- Task statement -
In the records below, find the line holding "Off-White Camouflage Field" and the line holding "Dekoratív öntapadós fotótapéta". Set down both, with every line between them, exactly.

- Web page caption snippets -

<<<<

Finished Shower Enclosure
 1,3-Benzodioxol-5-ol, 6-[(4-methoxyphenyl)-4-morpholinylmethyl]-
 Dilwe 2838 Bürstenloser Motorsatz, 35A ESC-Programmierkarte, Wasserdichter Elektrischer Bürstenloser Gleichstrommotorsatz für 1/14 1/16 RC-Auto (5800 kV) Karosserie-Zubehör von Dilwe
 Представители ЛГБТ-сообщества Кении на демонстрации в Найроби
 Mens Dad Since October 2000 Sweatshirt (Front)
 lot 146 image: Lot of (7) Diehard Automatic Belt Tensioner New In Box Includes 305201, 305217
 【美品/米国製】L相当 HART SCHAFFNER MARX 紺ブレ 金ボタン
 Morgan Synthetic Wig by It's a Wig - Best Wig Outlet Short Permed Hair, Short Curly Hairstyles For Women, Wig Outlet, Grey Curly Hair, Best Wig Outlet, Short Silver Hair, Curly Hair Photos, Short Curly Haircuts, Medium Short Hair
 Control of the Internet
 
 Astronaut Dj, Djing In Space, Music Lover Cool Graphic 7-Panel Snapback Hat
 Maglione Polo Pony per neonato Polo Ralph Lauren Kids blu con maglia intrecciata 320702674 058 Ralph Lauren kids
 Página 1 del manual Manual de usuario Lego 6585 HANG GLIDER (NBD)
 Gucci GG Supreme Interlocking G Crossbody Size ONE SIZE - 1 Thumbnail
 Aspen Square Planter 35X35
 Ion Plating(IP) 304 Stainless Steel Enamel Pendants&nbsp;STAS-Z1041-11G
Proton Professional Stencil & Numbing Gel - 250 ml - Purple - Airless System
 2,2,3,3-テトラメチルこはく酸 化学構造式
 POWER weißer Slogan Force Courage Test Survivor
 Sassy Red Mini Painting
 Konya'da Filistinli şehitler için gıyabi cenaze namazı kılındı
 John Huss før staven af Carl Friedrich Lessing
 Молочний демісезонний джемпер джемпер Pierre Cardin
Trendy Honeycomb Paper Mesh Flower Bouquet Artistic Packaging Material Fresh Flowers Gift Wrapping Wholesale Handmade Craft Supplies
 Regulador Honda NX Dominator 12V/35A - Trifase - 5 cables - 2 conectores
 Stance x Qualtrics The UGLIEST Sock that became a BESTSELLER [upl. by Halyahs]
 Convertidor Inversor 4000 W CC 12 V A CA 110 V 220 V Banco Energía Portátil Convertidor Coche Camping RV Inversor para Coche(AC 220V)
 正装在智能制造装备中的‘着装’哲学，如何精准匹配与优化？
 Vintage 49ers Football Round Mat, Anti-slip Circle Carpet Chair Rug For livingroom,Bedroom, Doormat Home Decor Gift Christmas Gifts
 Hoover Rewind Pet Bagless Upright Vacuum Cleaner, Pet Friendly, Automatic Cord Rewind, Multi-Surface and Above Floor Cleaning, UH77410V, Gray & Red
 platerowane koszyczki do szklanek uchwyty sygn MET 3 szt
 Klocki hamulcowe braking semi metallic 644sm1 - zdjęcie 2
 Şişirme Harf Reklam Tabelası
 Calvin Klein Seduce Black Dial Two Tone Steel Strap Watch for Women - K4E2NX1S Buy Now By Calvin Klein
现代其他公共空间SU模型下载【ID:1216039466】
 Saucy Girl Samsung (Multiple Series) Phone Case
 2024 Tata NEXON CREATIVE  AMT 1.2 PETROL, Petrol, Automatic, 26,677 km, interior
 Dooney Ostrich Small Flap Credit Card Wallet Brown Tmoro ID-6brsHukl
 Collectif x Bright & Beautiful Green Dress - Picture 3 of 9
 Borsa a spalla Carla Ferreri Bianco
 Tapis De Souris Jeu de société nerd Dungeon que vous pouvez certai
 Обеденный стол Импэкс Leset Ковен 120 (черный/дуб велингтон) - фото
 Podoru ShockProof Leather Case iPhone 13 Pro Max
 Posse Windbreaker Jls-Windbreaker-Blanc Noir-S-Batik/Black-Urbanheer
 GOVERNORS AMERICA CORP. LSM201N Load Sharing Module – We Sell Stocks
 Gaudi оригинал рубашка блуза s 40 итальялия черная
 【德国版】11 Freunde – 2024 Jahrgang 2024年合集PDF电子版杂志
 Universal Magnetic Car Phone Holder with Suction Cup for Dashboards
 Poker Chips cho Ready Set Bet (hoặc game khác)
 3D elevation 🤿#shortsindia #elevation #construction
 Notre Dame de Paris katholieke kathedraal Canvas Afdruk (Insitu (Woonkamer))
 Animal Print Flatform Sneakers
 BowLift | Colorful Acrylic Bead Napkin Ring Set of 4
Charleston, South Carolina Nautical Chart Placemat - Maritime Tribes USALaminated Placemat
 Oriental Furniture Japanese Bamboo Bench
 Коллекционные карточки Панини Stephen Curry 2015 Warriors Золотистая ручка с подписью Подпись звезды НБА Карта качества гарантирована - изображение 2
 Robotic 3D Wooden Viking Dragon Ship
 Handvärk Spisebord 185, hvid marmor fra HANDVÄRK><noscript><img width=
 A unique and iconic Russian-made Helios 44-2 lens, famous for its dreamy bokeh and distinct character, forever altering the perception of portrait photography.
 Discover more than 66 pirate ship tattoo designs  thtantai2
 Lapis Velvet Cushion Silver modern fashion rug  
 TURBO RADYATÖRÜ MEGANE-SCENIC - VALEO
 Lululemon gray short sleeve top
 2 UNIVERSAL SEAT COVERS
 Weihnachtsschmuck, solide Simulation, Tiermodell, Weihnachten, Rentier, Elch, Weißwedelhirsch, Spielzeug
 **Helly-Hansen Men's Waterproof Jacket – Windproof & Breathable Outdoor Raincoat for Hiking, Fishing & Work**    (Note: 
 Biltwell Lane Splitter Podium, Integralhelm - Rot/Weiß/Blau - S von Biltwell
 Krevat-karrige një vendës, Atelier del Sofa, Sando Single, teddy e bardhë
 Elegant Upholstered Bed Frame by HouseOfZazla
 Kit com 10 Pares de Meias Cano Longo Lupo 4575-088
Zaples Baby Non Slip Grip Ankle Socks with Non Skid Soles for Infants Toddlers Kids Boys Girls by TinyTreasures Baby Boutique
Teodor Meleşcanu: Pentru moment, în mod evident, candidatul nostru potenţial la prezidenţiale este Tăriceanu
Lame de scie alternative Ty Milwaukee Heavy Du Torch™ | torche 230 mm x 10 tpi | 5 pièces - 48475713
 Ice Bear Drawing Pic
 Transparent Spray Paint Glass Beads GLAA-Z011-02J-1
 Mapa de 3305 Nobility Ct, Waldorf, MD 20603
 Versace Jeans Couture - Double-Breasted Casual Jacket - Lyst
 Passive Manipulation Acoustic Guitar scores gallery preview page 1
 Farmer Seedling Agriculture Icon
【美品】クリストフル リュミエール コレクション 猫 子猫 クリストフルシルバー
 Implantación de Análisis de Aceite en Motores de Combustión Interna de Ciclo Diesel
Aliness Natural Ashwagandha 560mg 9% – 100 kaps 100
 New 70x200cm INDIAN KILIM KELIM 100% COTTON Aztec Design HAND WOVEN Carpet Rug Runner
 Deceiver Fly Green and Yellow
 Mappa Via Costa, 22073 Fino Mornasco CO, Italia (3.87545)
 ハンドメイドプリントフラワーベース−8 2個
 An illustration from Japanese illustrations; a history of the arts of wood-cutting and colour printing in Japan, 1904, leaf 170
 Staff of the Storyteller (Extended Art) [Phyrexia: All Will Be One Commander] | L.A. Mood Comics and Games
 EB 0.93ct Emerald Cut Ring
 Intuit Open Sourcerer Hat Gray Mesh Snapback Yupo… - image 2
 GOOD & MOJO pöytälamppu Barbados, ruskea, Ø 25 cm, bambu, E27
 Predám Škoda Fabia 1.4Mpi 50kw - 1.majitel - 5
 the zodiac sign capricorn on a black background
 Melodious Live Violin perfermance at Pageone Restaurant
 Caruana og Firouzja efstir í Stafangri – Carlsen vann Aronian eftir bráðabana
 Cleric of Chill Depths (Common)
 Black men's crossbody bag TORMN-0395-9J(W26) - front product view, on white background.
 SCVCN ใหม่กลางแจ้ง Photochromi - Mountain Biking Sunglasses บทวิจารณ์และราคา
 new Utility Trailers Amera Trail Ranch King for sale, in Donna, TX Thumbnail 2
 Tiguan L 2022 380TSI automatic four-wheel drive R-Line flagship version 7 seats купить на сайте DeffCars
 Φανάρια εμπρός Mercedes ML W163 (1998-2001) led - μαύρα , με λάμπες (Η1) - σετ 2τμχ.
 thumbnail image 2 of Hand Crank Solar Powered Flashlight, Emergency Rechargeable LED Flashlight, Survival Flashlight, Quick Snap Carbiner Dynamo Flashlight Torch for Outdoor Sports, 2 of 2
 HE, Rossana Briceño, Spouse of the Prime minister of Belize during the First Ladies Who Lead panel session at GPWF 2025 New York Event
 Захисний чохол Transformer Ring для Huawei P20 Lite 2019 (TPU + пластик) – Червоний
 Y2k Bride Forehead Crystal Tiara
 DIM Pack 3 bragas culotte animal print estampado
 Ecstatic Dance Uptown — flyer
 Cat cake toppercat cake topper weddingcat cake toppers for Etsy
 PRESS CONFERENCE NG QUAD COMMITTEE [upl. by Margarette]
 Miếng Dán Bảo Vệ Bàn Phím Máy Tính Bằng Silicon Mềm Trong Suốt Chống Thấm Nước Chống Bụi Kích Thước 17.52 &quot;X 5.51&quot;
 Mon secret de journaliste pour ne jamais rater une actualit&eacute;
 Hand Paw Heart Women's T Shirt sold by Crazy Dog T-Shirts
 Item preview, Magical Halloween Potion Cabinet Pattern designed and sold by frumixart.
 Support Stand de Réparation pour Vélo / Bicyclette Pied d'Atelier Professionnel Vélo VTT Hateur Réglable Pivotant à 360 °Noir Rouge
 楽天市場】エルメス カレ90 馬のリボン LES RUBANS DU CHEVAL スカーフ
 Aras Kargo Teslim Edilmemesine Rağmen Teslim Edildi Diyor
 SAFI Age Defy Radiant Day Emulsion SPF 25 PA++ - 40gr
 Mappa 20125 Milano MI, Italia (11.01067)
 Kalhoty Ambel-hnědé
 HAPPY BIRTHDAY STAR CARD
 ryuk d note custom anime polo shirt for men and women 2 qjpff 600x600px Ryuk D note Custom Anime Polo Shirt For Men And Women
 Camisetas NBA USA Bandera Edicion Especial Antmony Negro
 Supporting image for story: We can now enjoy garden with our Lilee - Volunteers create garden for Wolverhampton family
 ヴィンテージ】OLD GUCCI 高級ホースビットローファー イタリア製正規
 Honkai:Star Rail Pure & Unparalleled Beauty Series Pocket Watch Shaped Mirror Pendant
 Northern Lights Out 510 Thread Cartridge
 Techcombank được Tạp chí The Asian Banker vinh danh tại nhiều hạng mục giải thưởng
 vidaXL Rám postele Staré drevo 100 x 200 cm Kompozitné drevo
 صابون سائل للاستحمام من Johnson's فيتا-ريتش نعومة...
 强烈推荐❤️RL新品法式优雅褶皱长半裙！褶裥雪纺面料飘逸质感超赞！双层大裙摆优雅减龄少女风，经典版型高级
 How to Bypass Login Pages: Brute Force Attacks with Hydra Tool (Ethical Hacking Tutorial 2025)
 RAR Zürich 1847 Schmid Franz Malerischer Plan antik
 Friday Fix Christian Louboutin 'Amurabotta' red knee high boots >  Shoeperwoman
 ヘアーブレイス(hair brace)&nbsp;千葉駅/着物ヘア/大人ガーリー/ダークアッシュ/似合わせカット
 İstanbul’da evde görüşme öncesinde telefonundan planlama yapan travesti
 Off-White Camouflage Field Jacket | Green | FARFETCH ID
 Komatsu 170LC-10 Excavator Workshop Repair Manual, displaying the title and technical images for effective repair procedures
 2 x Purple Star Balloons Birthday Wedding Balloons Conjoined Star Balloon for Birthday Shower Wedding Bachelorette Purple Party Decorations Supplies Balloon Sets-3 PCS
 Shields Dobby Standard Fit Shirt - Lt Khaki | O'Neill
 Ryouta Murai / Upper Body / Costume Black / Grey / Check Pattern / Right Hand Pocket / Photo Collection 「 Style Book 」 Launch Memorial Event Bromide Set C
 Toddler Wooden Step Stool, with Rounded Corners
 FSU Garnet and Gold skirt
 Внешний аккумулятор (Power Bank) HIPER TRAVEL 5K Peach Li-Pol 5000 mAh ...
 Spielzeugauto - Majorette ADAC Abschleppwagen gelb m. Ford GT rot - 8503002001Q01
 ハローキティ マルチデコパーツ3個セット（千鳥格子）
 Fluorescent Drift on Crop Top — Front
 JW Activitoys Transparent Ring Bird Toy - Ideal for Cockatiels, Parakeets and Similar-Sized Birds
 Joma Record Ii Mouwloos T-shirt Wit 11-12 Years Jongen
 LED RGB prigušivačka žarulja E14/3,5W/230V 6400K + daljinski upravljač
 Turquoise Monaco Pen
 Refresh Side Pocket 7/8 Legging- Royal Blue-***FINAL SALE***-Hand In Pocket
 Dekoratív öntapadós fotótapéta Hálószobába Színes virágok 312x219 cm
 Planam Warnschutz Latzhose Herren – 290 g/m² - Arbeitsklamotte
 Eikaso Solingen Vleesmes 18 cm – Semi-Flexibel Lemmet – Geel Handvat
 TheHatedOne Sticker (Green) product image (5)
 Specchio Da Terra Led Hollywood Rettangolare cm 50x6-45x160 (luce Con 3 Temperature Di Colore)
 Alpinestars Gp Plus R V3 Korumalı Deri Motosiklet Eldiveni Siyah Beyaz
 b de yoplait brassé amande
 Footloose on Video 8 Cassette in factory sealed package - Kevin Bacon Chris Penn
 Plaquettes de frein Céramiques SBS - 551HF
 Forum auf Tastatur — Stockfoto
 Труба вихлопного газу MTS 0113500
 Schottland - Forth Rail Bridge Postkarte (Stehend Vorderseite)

>>>>

- Written solution -
 Off-White Camouflage Field Jacket | Green | FARFETCH ID
 Komatsu 170LC-10 Excavator Workshop Repair Manual, displaying the title and technical images for effective repair procedures
 2 x Purple Star Balloons Birthday Wedding Balloons Conjoined Star Balloon for Birthday Shower Wedding Bachelorette Purple Party Decorations Supplies Balloon Sets-3 PCS
 Shields Dobby Standard Fit Shirt - Lt Khaki | O'Neill
 Ryouta Murai / Upper Body / Costume Black / Grey / Check Pattern / Right Hand Pocket / Photo Collection 「 Style Book 」 Launch Memorial Event Bromide Set C
 Toddler Wooden Step Stool, with Rounded Corners
 FSU Garnet and Gold skirt
 Внешний аккумулятор (Power Bank) HIPER TRAVEL 5K Peach Li-Pol 5000 mAh ...
 Spielzeugauto - Majorette ADAC Abschleppwagen gelb m. Ford GT rot - 8503002001Q01
 ハローキティ マルチデコパーツ3個セット（千鳥格子）
 Fluorescent Drift on Crop Top — Front
 JW Activitoys Transparent Ring Bird Toy - Ideal for Cockatiels, Parakeets and Similar-Sized Birds
 Joma Record Ii Mouwloos T-shirt Wit 11-12 Years Jongen
 LED RGB prigušivačka žarulja E14/3,5W/230V 6400K + daljinski upravljač
 Turquoise Monaco Pen
 Refresh Side Pocket 7/8 Legging- Royal Blue-***FINAL SALE***-Hand In Pocket
 Dekoratív öntapadós fotótapéta Hálószobába Színes virágok 312x219 cm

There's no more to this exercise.